[Available data — start]

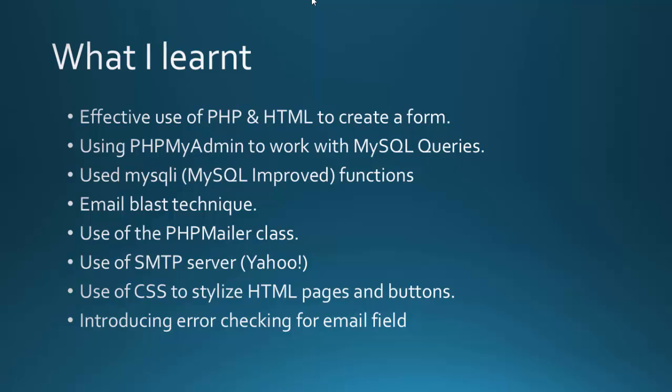I learnt effective use of PHP and HTML, the MySQL queries, the PHPMailer class and the SMTP servers.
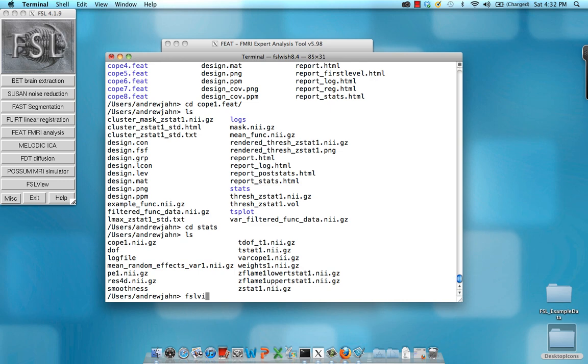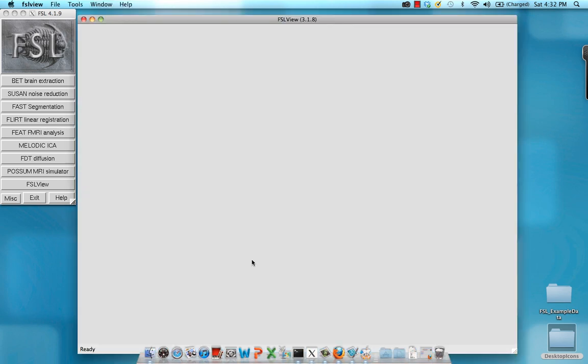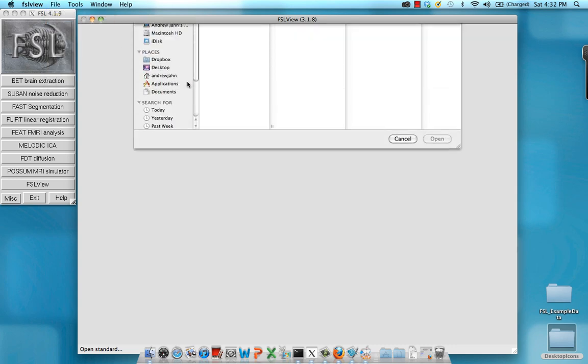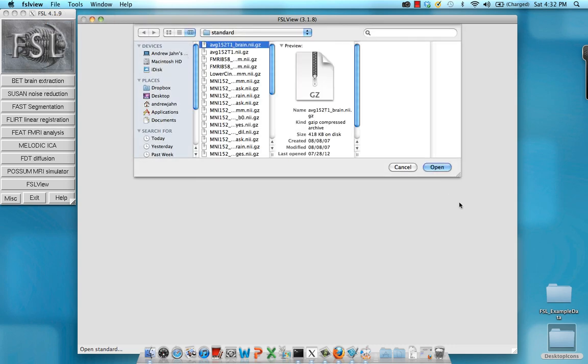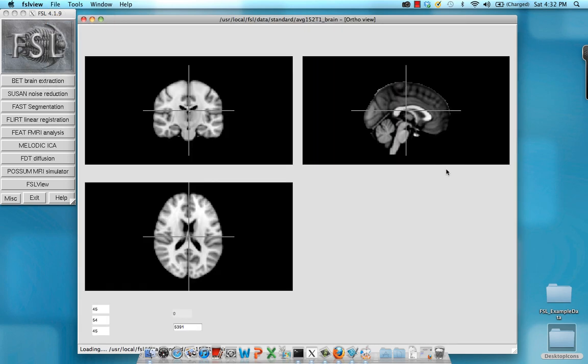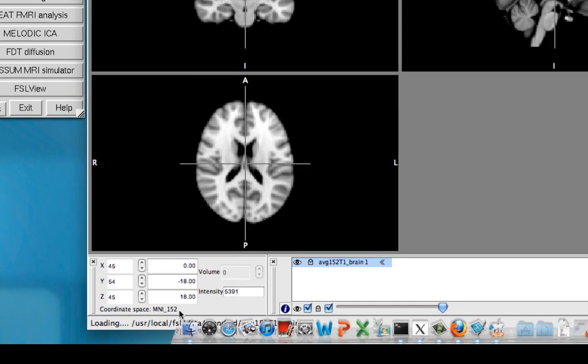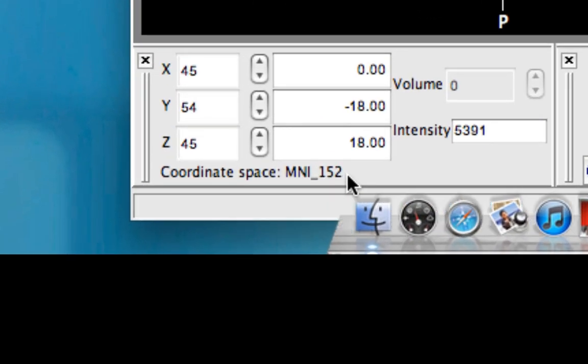So within here, again, I'm going to open up FSL View. And now, the first thing I can do is select File and open up a standard template. This is something that's already in MNI space. If you look down here, you can actually see what space it's in. Here it's MNI. If it were in the original anatomical space, it would say anatomical.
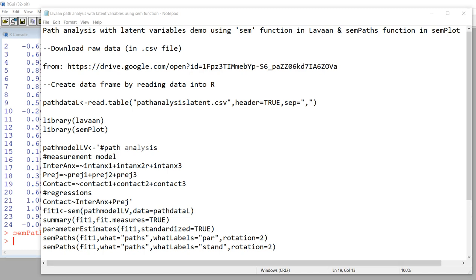In this video, I'm going to provide a short demonstration of path analysis with latent variables using the SEM function in lavaan and also the semPaths function in semPlot.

[Available data — finish]

Problem requirements: Once the pictures are set aside, restate the remaining data above exactly.

Response below:
I learnt effective use of PHP and HTML, the MySQL queries, the PHPMailer class and the SMTP servers.
So within here, again, I'm going to open up FSL View. And now, the first thing I can do is select File and open up a standard template. This is something that's already in MNI space. If you look down here, you can actually see what space it's in. Here it's MNI. If it were in the original anatomical space, it would say anatomical.
In this video, I'm going to provide a short demonstration of path analysis with latent variables using the SEM function in lavaan and also the semPaths function in semPlot.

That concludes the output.